## TRY IT
Everything from the line with "Alright guys, so" to the end of the entries should be copied exactly, and nothing else.

## PROVIDED DATA
*** Begin section ***
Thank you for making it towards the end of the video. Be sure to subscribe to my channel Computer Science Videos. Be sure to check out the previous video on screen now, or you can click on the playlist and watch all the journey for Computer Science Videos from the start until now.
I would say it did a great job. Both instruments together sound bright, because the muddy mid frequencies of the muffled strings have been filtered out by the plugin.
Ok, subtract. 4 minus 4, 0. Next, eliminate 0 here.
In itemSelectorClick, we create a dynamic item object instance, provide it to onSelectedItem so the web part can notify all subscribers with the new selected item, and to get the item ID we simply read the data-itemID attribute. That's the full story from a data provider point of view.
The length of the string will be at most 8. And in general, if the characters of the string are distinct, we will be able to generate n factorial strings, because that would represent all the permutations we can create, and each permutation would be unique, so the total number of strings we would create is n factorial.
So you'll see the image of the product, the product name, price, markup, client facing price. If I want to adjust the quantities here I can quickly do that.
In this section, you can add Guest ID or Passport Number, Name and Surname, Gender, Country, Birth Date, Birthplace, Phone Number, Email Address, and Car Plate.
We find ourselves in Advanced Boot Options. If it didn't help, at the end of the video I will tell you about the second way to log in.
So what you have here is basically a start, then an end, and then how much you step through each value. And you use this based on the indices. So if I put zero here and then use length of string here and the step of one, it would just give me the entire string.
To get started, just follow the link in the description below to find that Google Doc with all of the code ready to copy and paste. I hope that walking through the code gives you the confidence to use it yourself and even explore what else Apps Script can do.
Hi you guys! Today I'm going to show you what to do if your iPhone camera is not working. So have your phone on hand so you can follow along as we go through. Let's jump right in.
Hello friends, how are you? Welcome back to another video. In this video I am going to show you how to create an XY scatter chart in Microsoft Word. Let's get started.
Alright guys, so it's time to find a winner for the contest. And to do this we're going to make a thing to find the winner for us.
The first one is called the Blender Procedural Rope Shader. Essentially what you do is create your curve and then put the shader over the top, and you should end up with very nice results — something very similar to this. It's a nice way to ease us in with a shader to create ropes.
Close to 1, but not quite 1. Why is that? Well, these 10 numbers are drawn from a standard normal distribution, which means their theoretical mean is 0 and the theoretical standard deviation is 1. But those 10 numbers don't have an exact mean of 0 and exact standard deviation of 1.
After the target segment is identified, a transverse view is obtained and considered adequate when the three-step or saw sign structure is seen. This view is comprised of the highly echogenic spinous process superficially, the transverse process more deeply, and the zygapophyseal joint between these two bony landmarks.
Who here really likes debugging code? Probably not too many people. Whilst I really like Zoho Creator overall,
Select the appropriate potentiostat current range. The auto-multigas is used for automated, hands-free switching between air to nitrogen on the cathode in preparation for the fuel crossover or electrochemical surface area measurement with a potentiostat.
*** End section ***
## RESPONSE TO THIS EXERCISE
Alright guys, so it's time to find a winner for the contest. And to do this we're going to make a thing to find the winner for us.
The first one is called the Blender Procedural Rope Shader. Essentially what you do is create your curve and then put the shader over the top, and you should end up with very nice results — something very similar to this. It's a nice way to ease us in with a shader to create ropes.
Close to 1, but not quite 1. Why is that? Well, these 10 numbers are drawn from a standard normal distribution, which means their theoretical mean is 0 and the theoretical standard deviation is 1. But those 10 numbers don't have an exact mean of 0 and exact standard deviation of 1.
After the target segment is identified, a transverse view is obtained and considered adequate when the three-step or saw sign structure is seen. This view is comprised of the highly echogenic spinous process superficially, the transverse process more deeply, and the zygapophyseal joint between these two bony landmarks.
Who here really likes debugging code? Probably not too many people. Whilst I really like Zoho Creator overall,
Select the appropriate potentiostat current range. The auto-multigas is used for automated, hands-free switching between air to nitrogen on the cathode in preparation for the fuel crossover or electrochemical surface area measurement with a potentiostat.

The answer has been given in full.